**EXERCISE**. Write out exactly, and only, the lines below from the line with "Wall Mural - mother" through the line with "Rabai MP Kamoti"; pictures do not belong in the copy.

'''

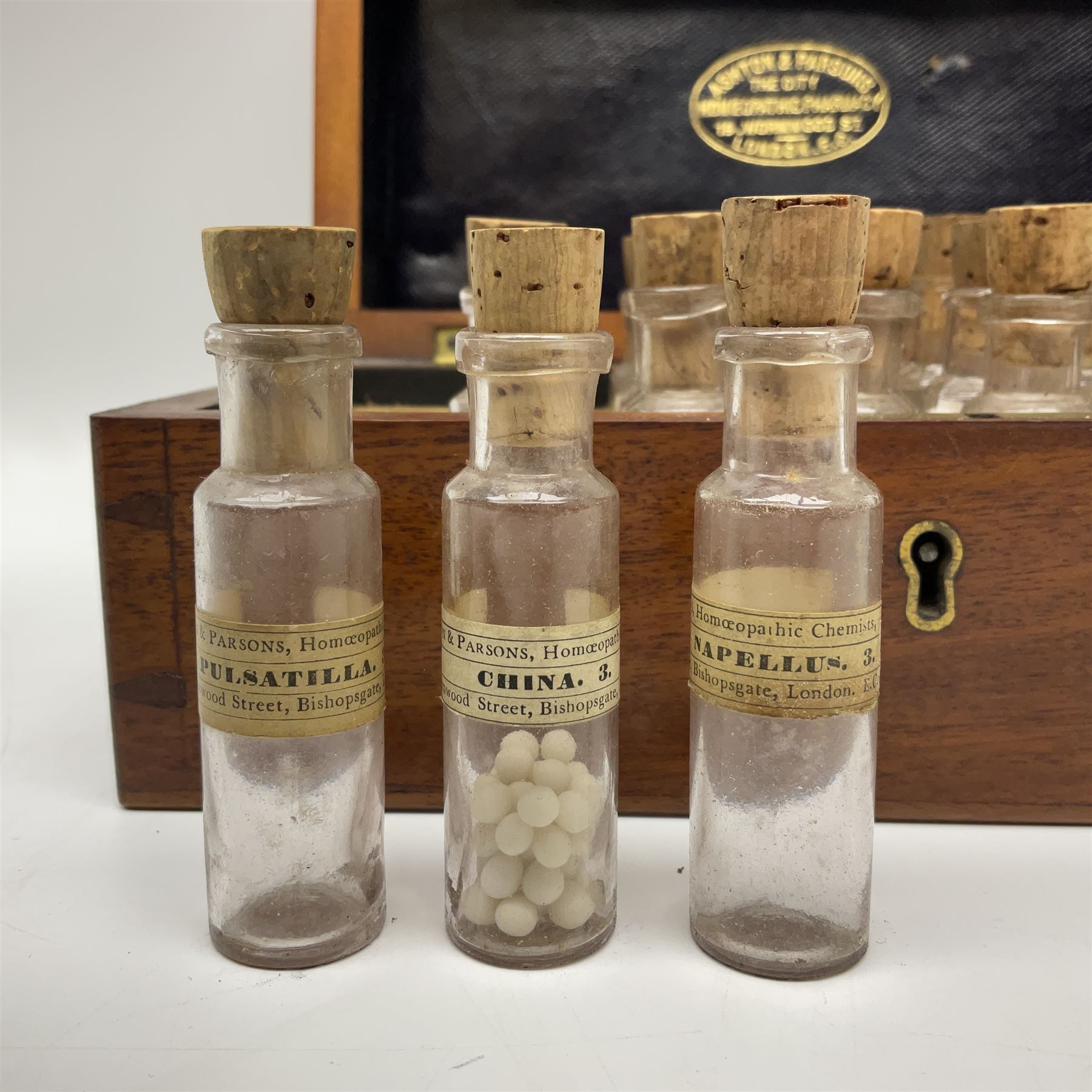 Ashton & Parsons Homeopathic pharmacy box, the fitted interior with thirty glass bottles with cork stoppers and labels to the glass, H10cm, L21cm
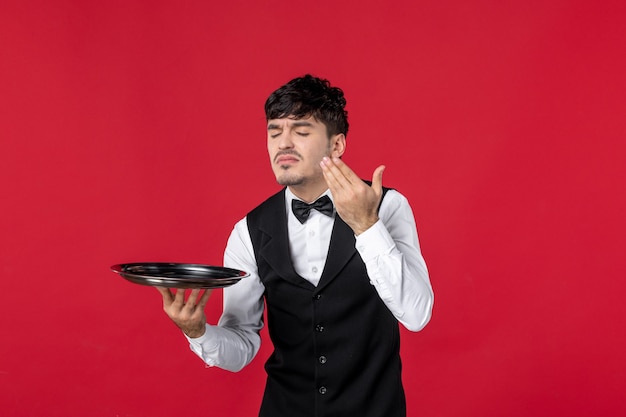 Front view of young man waiter in a uniform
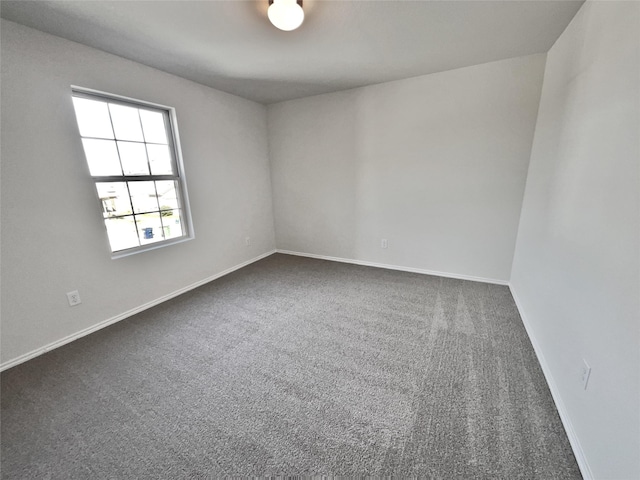 spare room featuring dark carpet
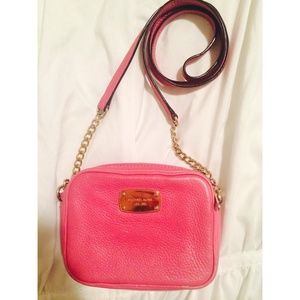 Hot pink Michael Kors crossbody purse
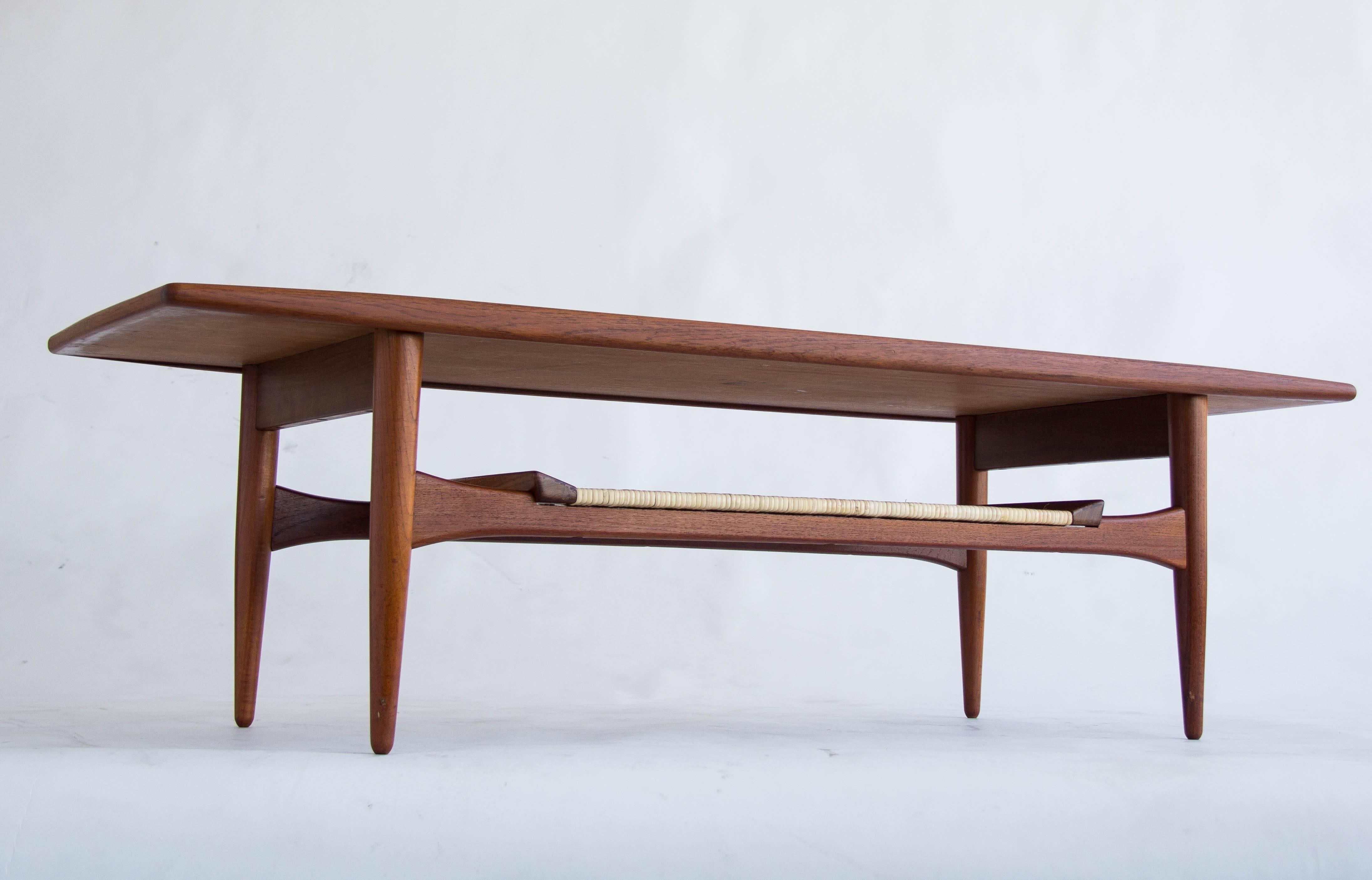Elegant surfboard-style coffee table manufactured for MM Moreddi of California in the 1960s. The tabletop is teak, with tapered legs, sculpted crossbars, and a woven cane shelf underneath.  

Condition: The table is in great vintage condition, and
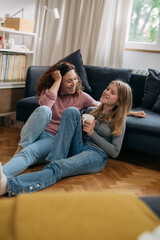 Wall Mural - mother and teenager daughter talking at home. sitting on floor in living room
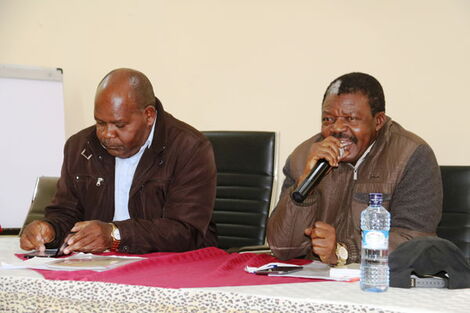 Rabai MP Kamoti Mwamkale (right) addresses members of public during a public participation forum in Meru county on September 2, 2019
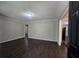 Comfortable living room featuring hardwood floors, neutral walls, and bright windows at 767 Vinson Pl, Atlanta, GA 30315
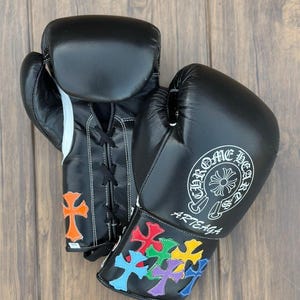 Puede incluir: Guantes de boxeo de cuero negro con costuras blancas y cierre con cordones. Los guantes presentan un logotipo blanco y diseños de cruces de colores. La palabra "ARTEAGA" está impresa en la muñeca.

'''

**REPLY TO THE EXERCISE**.
 Wall Mural - mother and teenager daughter talking at home. sitting on floor in living room
 Rabai MP Kamoti Mwamkale (right) addresses members of public during a public participation forum in Meru county on September 2, 2019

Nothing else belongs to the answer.